I slid into the backseat, where I found Marilyn Monroe huddled in a corner dreamily puffing on a cigarette … I couldn’t stop looking at her. We were about to pull away from the curb when a voice cried out, ‘Hey Lee, goin’ my way?’ and Harry Belafonte hopped in beside me. We drove uptown in silence … After a while Lee rolled down the window and moist cool air whooshed in. Marilyn gave a sigh and shrugged out of her coat. That’s when I noticed the pearls …
Marilyn wearing her Mikimoto pearls
‘Those are gorgeous pearls, Miss Monroe,’ I said.
‘Yeah.’ Marilyn fingered the pearls absently. ‘The emperor gave them to me.’
‘The emperor?’ Harry Belafonte asked.
‘Hirohito of Japan. When Joe [DiMaggio] and I were on our honeymoon in Tokyo, he gave them to me in a private ceremony.’ Her voice trailed off as if she’d lost interest in the subject …
Then we reached our destination, the Strasberg apartment on Central Park West. Lee stepped out of the cab and waited for Marilyn to get out; then the two of them disappeared into the ornate lobby. She was spending the night, as she often did, with the Strasberg family … We continued to drive over to West Seventy-Fourth and Riverside. Belafonte vaulted out of the cab.
‘Night, Thanks, Marty.’ And he was gone.
‘Harry’s apartment is twenty-one rooms,’ Marty told me—then added, ‘Come on, sit up front with me. I’ll drive you home.'”
Through his longtime involvement with the civil rights movement, Harry became a close confidante of Martin Luther King Jr. He contributed to the Freedom Rides in 1961, and helped to organise the March on Washington in 1963. While standing in for TV host Johnny Carson in February 1968, Harry interviewed Dr. King and presidential candidate Bobby Kennedy.
During the 1970s he spent much of his time touring, and made two films with his friend Sidney Poitier. Harry’s appearance on TV’s The Muppet Show was said to be creator Jim Henson’s favourite. He also produced Beat Street (1984), a musical film celebrating hip-hop culture; and in 1985, he performed at Live Aid.
In 1989, Harry received the Kennedy Centre Honours. He retired from singing after his last concert in 2003. Among his later film credits are White Man’s Burden (1995), Kansas City (1996), Bobby (2006), and finally, Spike Lee’s BlackKklansman (2018.) His autobiography, My Song, was published in 2011, and a documentary, Sing Your Song, premiered at the Sundance Film Festival.
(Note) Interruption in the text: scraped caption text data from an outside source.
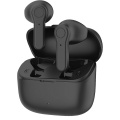 Prixton TWS155 Bluetooth® earbuds, Solid black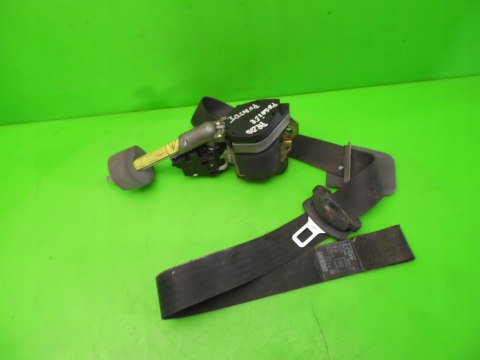 PAS BEZPIECZEŃSTWA PRZÓD PRAWY FIAT PUNTO I 3D 93-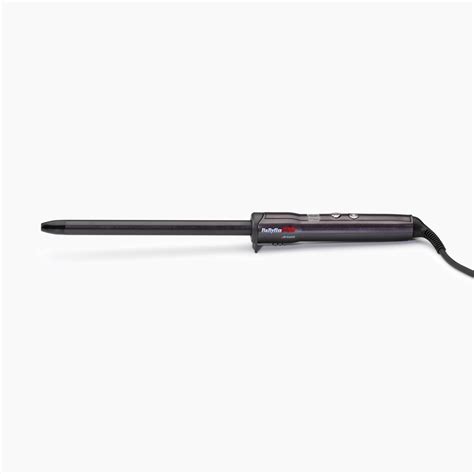 Detailný záber na profesionálnu kulmu BaByliss PRO 32 mm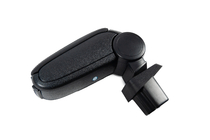 Suzuki SX4 2006–2013 Niken Luxury armsteun foto 2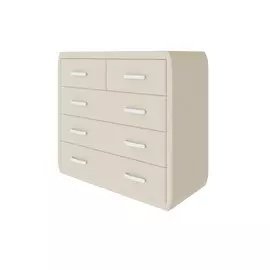 Тумба Райтон Комод Comfy 2 (Тетра Бежевый) 101x48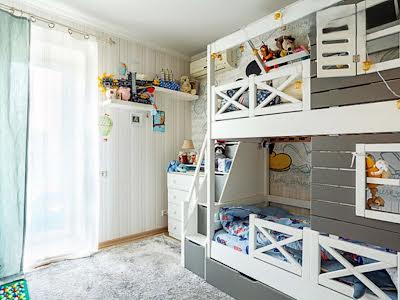 квартира по адресу Пастера ул., 2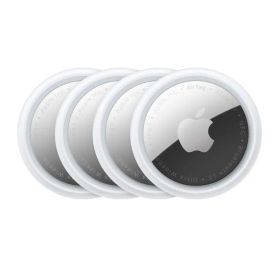 Apple AirTag 4個セット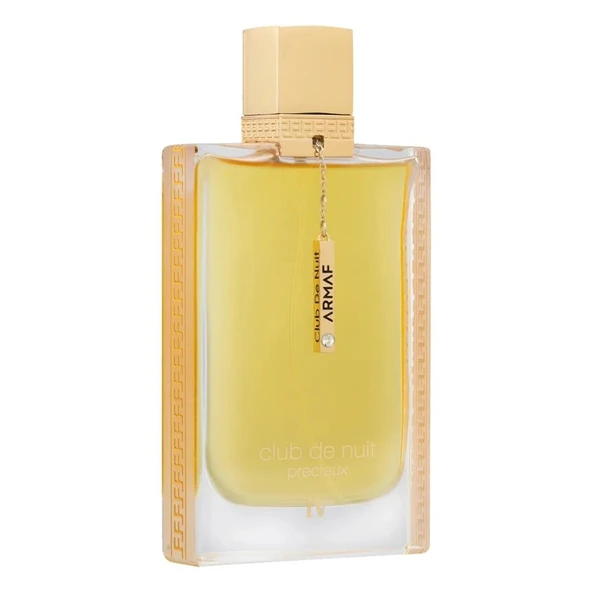 Armaf Club De Nuit Precieux IV Extrait De Parfum 55 ml Kadın Parfümü ürün görseli 1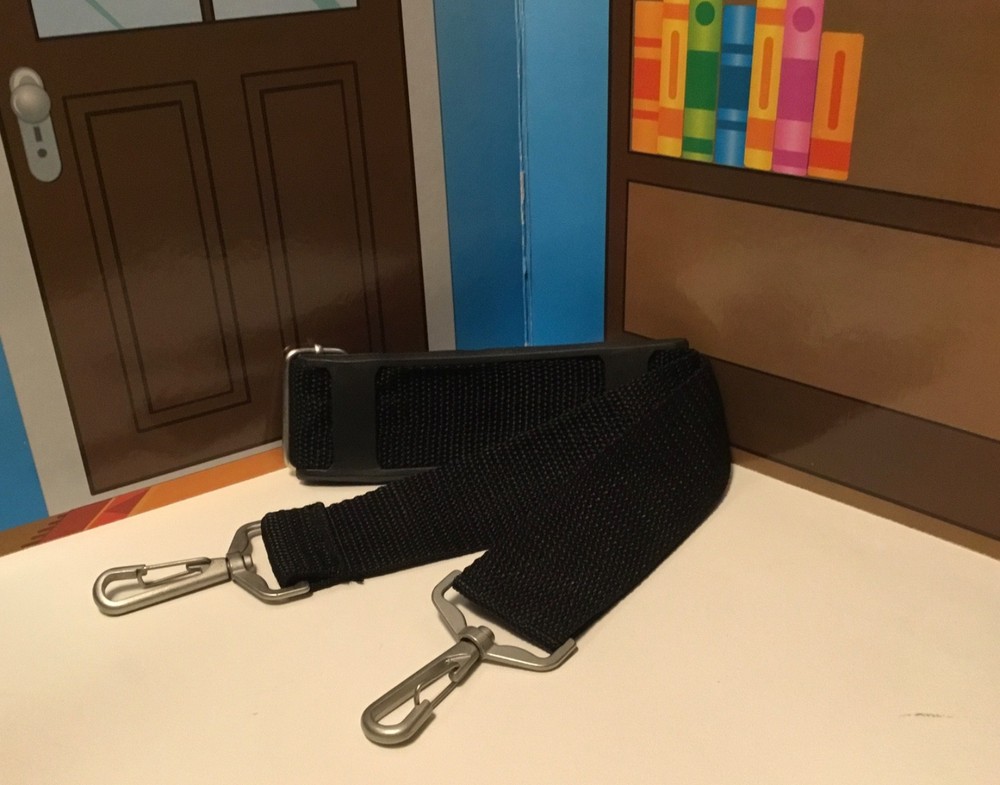 Replacement Luggage Travel Baggage Shoulder Strap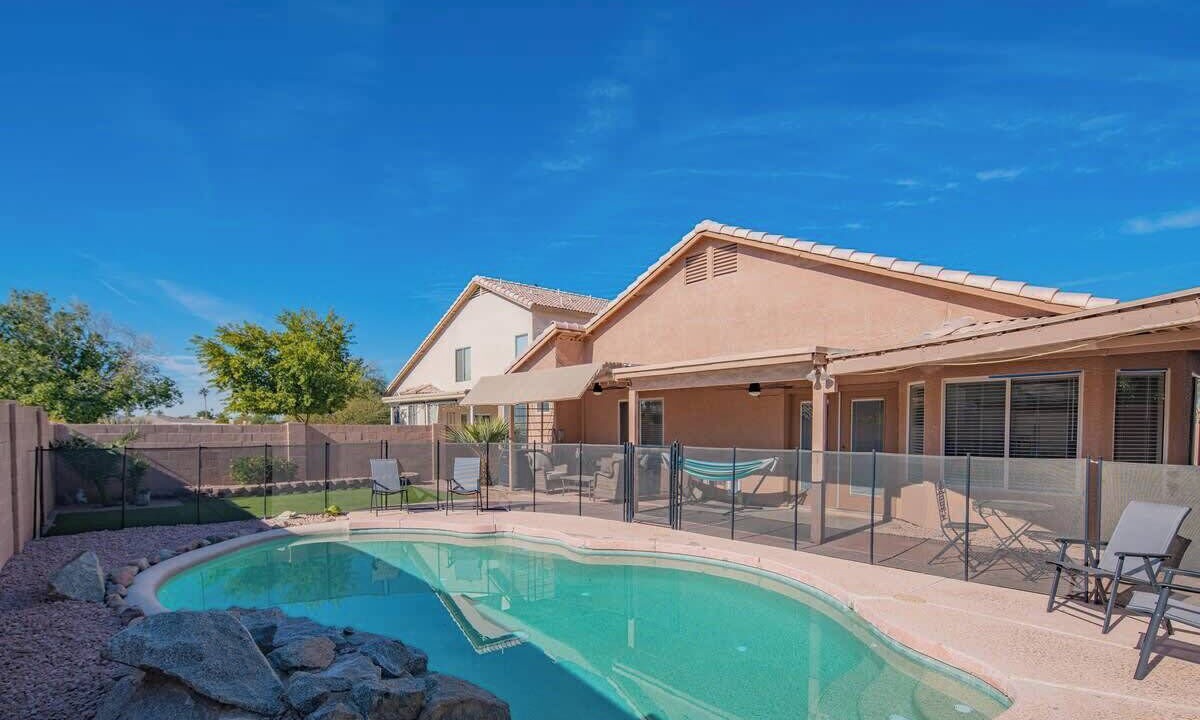 Photo of Outdoor in Peoria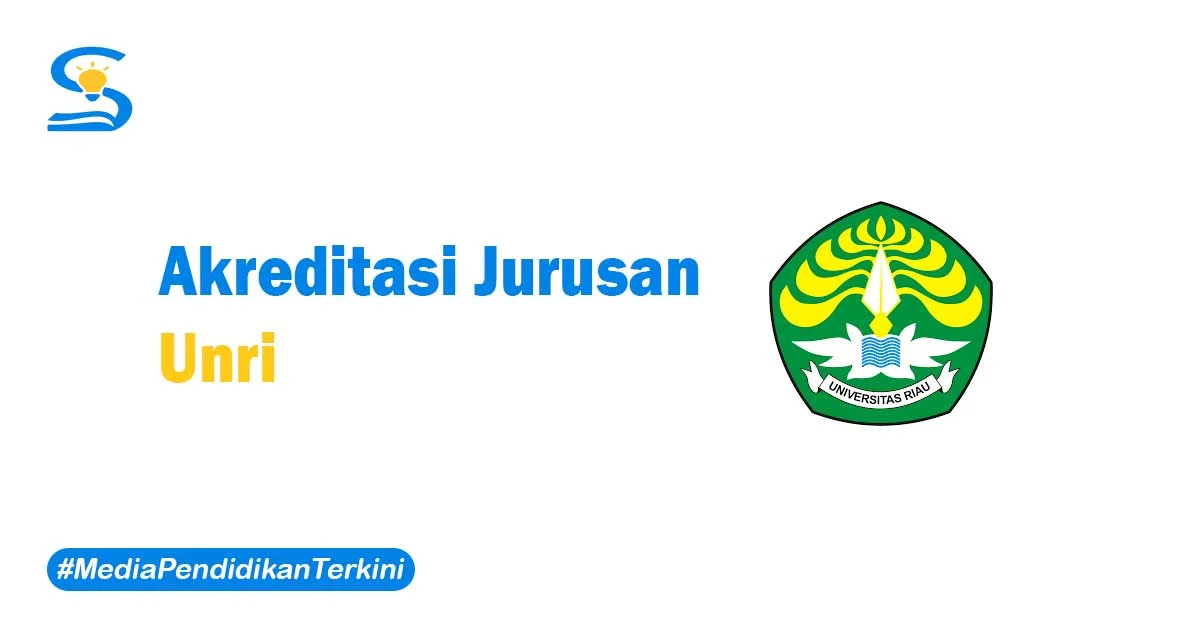 Akreditasi Unri
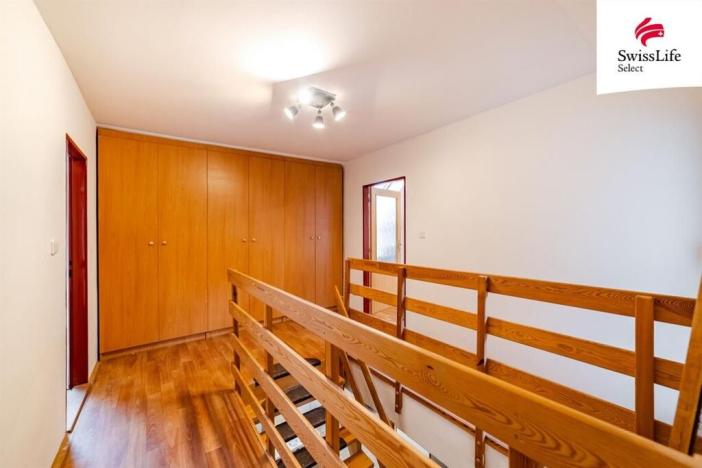 Pronájem rodinného domu, Slatina, 157 m2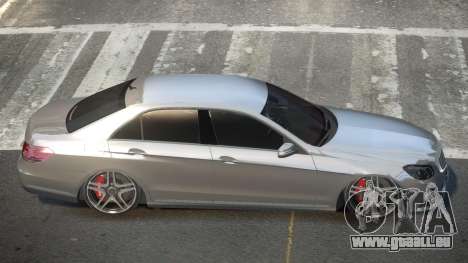 Mercedes-Benz E63 GS V1.1 für GTA 4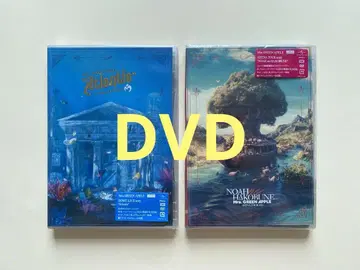 Mrs. GREEN APPLE / 일반ver ( DVD ) 2작품 #40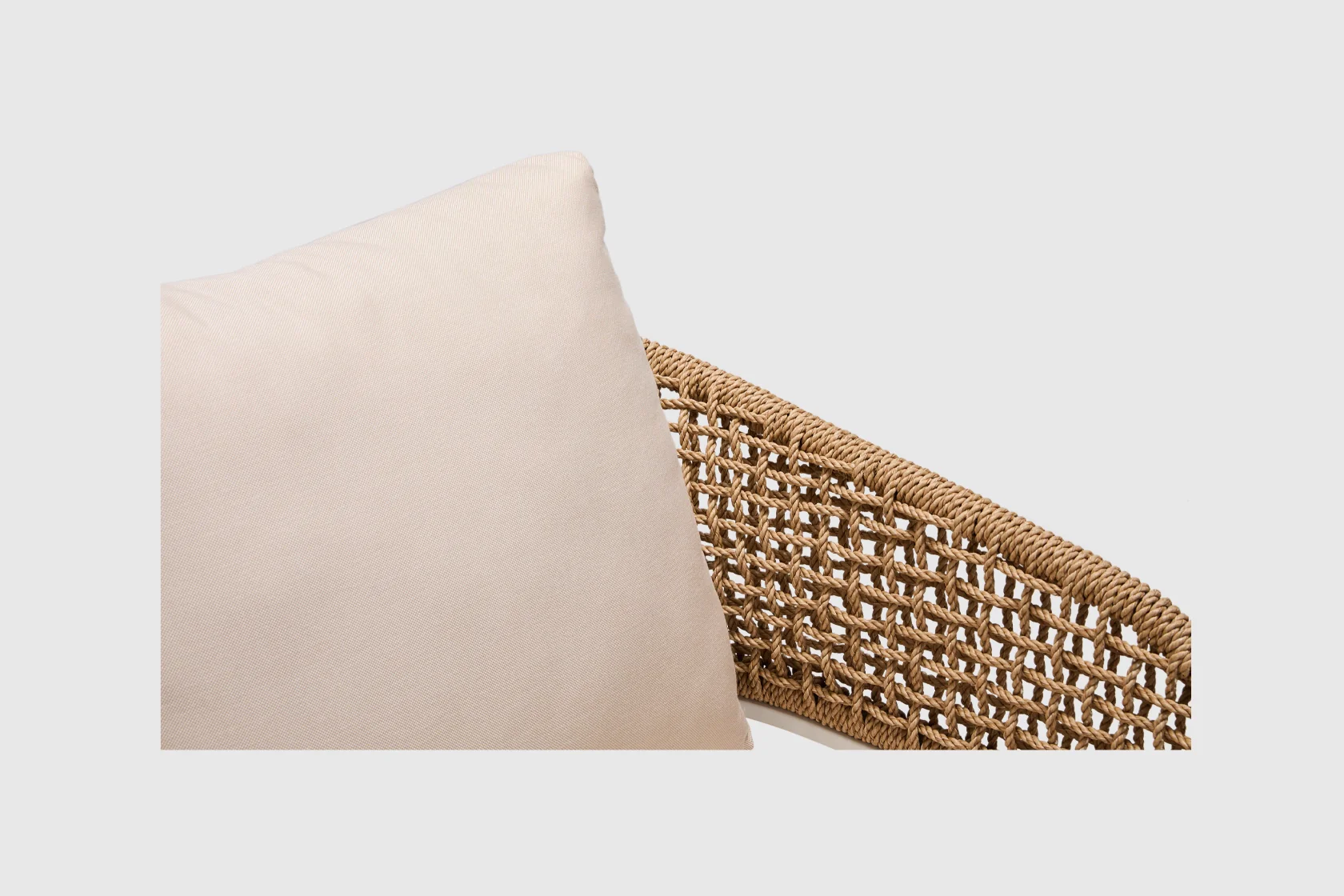 Riviera Outdoor 1 Seater - Image 9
He remained politically active, and was an outspoken critic of South Africa’s Apartheid regime and U.S. foreign policy, including the Iraq War. In 2017, he was named as honorary co-chairman of the Women’s March on Washington.
Harry Belafonte had four children and five grandchildren. He died of congestive heart failure at his home in New York, and is survived by his widow, photographer Pamela Frank.